FY2011 Federal Deficit = $1,299,000,000,000
The federal government spent $1.299 trillion more than it received in revenue for fiscal year 2011, according to the Congressional Budget Office's November report on Monday.
Despite congressional efforts to cut government spending this year, federal spending increased $145 billion over fiscal year 2010. The total national debt is now close to $15 trillion, with over $116 trillion in unfunded liabilities.
In the 2010 elections, Republicans made large electoral gains on promises to reduce federal spending. They won control of the House of Representatives and gained six Senate seats. The resulting divided government, with Republicans in control of the House and Democrats controlling the Senate and presidency, set up contentious budget battles through most of 2011.
At the beginning of the year, there was not even a budget for 2011. Democrats decided not to pass a budget for that year under the calculation that doing so would harm their reelection chances in November 2010. After Republicans gained control of the House, they wanted to cut spending from previous spending levels for the 2011 fiscal year. This led to a budget showdown in April.
On the eve before a potential government shutdown, the two parties reached an agreement that cut $38.5 billion from the previous year's spending levels for the 2010 budget. That showdown would prove mild compared to the battle over raising the nation's debt ceiling that came in July and early August.

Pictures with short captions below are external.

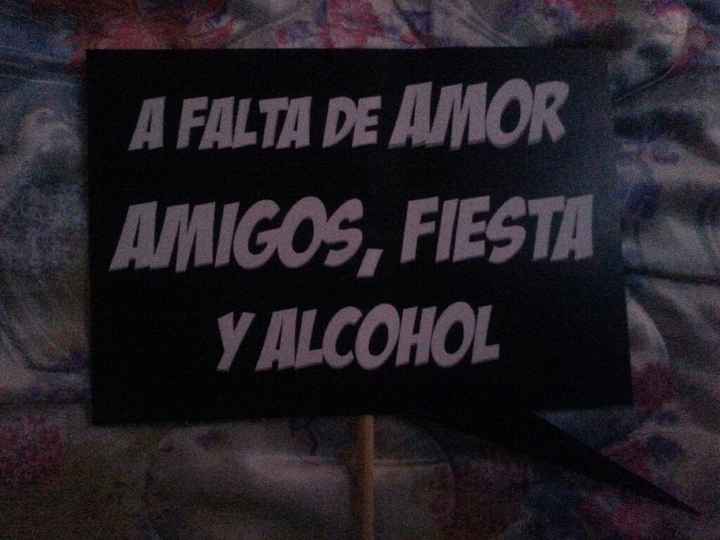 Mis letreritos! - 8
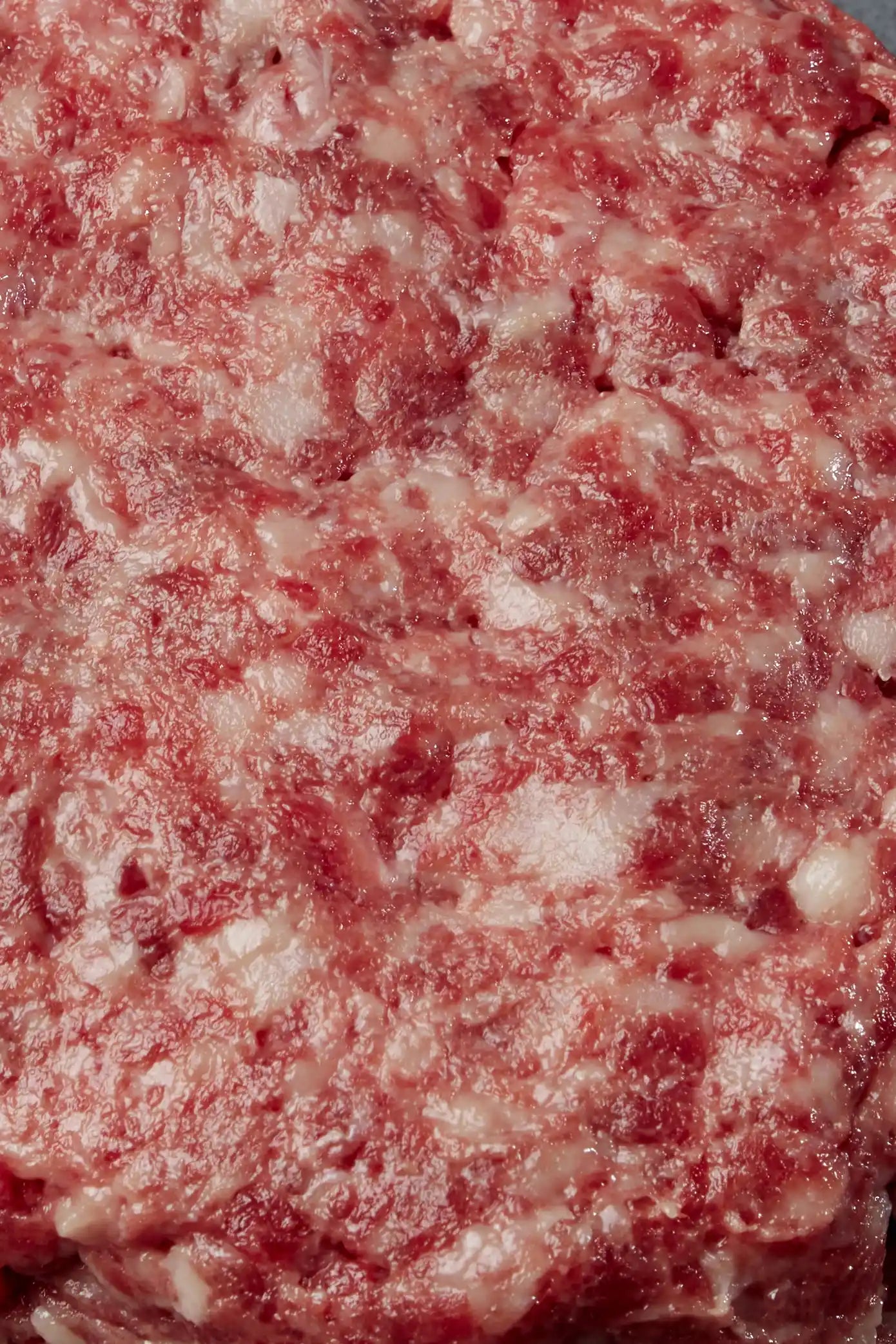 Gourmet Hamburger Beef 8oz Patties 2lb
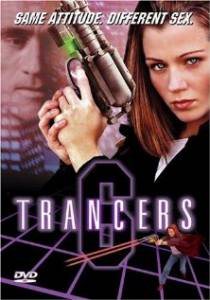   6 () Trancers6 (2002)   HD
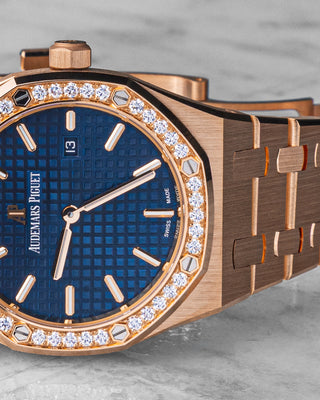 Audemars Piguet Royal Oak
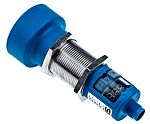 Sensor de proximidad Sick, M30 x 1.5, alcance 350 → 3.400 mm, salida Analógico, 9 → 30 Vdc, IP67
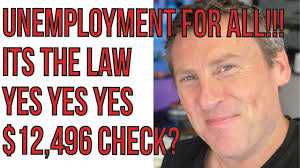 Unemployment For All Stimulus Update Nevada Gets Pua Unemployment Benefits 12 000 Stimulus Check Youtube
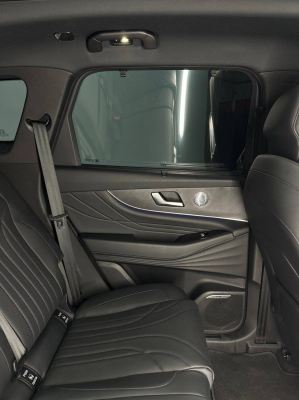 rear seat 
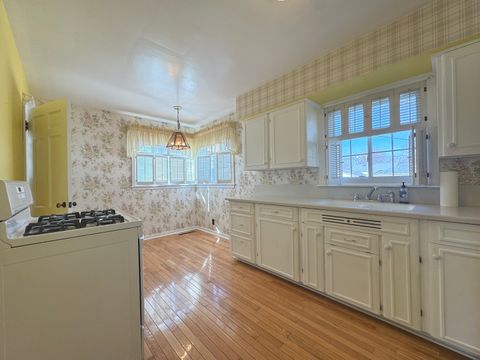 Tiny photo for 665 S May Avenue, Kankakee, IL 60901 (MLS # 12599478)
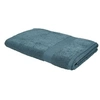 Image de Maxi Drap de Bain 90x150 cm 100% Coton - Paon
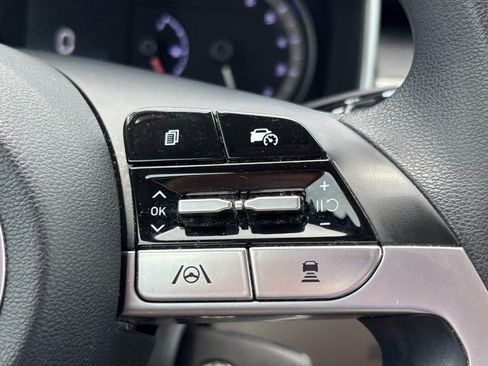 Used 2024 Hyundai Tucson SE AWD/4WD image 19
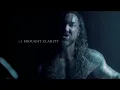 AS I LAY DYING - Retribution (Official Lyric Video)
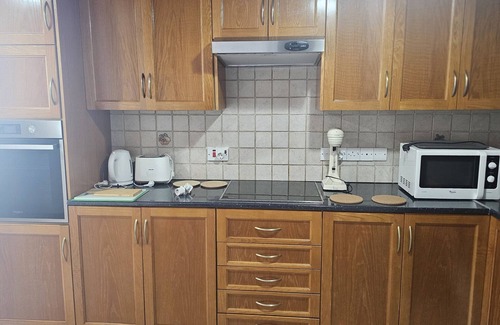 Egkomi Apartment | STAY Uptown Apartment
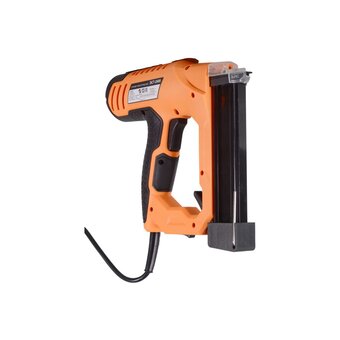  Степлер электрический Вихрь ЭСТ-2400 (72/4/8) скобы 15-25мм гвозди 15-32мм 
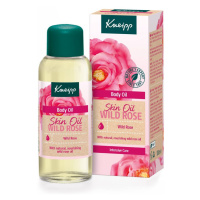 Kneipp Tělový olej Divoká růže 100 ml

Republicans argued that they would not vote to increase the nation's debt limit unless there were budget cuts equal to or more than the amount of the increase. The resulting bill, the Budget Control Act of 2011, cut spending by $917 billion over 10 years in exchange for a $900 billion debt limit increase. It also created the Joint Select Committee on Deficit Reduction, or “supercommittee,” to cut at least $1.2 trillion from the federal budget over 10 years. If the supercommittee fails, $1.2 trillion in automatic spending cuts will go into effect.
The CBO report shows that the increased spending in 2011 came from the military ($11 billion), Social Security ($24 billion), Medicare ($33 billion), and Medicaid ($2 billion). Also, the rest of the federal spending increased by $39 billion and interest on the debt was $38 billion more in 2011 than in 2010. Funding for unemployment benefits shrank by $36 billion.
Total federal revenues in 2011 were $2.302 trillion and total federal spending was $3.601 trillion, making 2011 the second highest deficit in the nation's history, after 2009's $1.413 trillion deficit.
The CBO report notes that part of the increased spending in 2011 is due to the fact Oct. 1 fell on a Saturday, so $31 billion in spending that normally would have been made in the 2012 fiscal year was spent on Sept. 30, in the 2011 fiscal year. Also, in 2009, banks were required to pay deposit insurance premiums that would normally be paid over three years. This caused a shortfall of $13 billion in the deposit insurance program for 2011.